Instantly we heard, from I know not what recess, a rolling fire of applause and admiration, which swept past us with stately and solemn music, like a hymn of praise.
'There,' said Pellmelli, 'I told you so. This is the place of the Rolling of Logs, and yourselves have heard it.'
Leonora said she did not mind how often she heard it, as she quite agreed with the sentiments.
'Not so!' said Pellmelli; and he cried aloud another name – the name of a poetaster – which was almost strange to us.
Then followed through that vasty hall a sharp and rattling crash, as of the descent of innumerable slates.
'Great heavens!' whispered Leonora, 'remember the writing; the place where they slate strangers!'
As we were strangers, and wholly unknown to the Lo-grollas, we thought they might slate us, and, beating a hasty retreat, soon found ourselves with Pellmelli in the dark outer air.

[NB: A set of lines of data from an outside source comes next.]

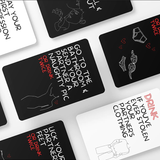 Erotic Games for Couples / Tabletop Sex Games for Adults / Intimate Card Game - EVE's SECRETS
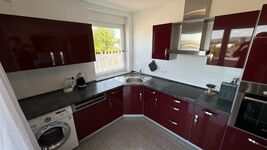 4 Große Monteurwohnungen Kassel / Je 3 Schlafzimmer / Ideal für Firmen Bild 18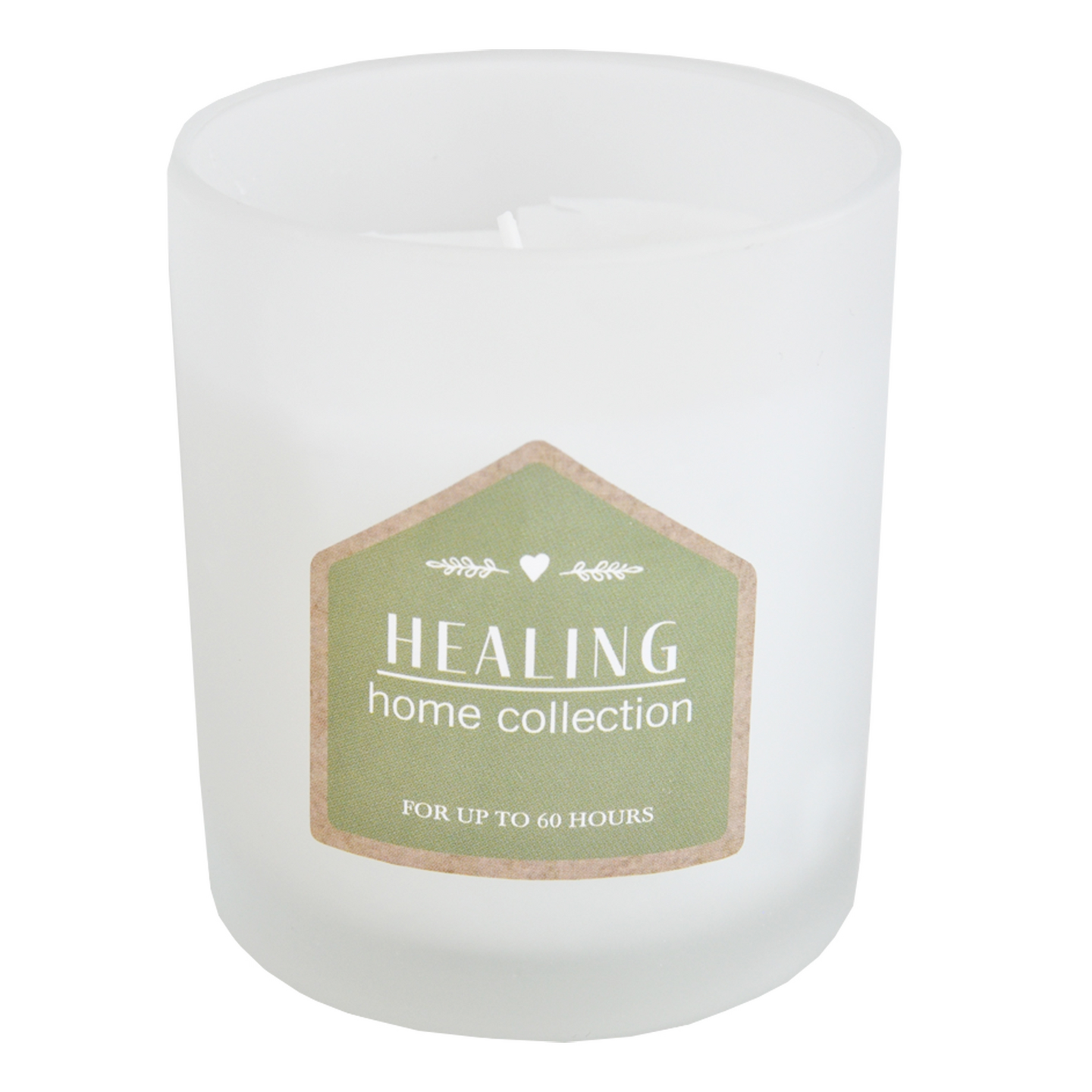 Finnmari Lasikynttilä paketissa 8x8x9 cm tuoksu Wood Breeze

'They are a desperate lot,' said he; 'they won't ever put anything in the Budget.'
He was quivering with indignation; and Leonora, to soothe him, told him the story of our quest for the mummy, and asked him if he could help us.
'We are your man,' said he. 'We propose to-morrow to send our representative to interview a magician who has just arrived in this country. He is a mysterious character; his name is Asher,21 and it is said that he is the Wandering Jew, or, at all events, has lived for many centuries. He, if any one, can direct you in your search.'
He then appointed a place where his representative should meet us next day, and we separated, Pellmelli taking his staff, and going off to lead an excursion against the Ama-Tory, a brutal and licentious tribe.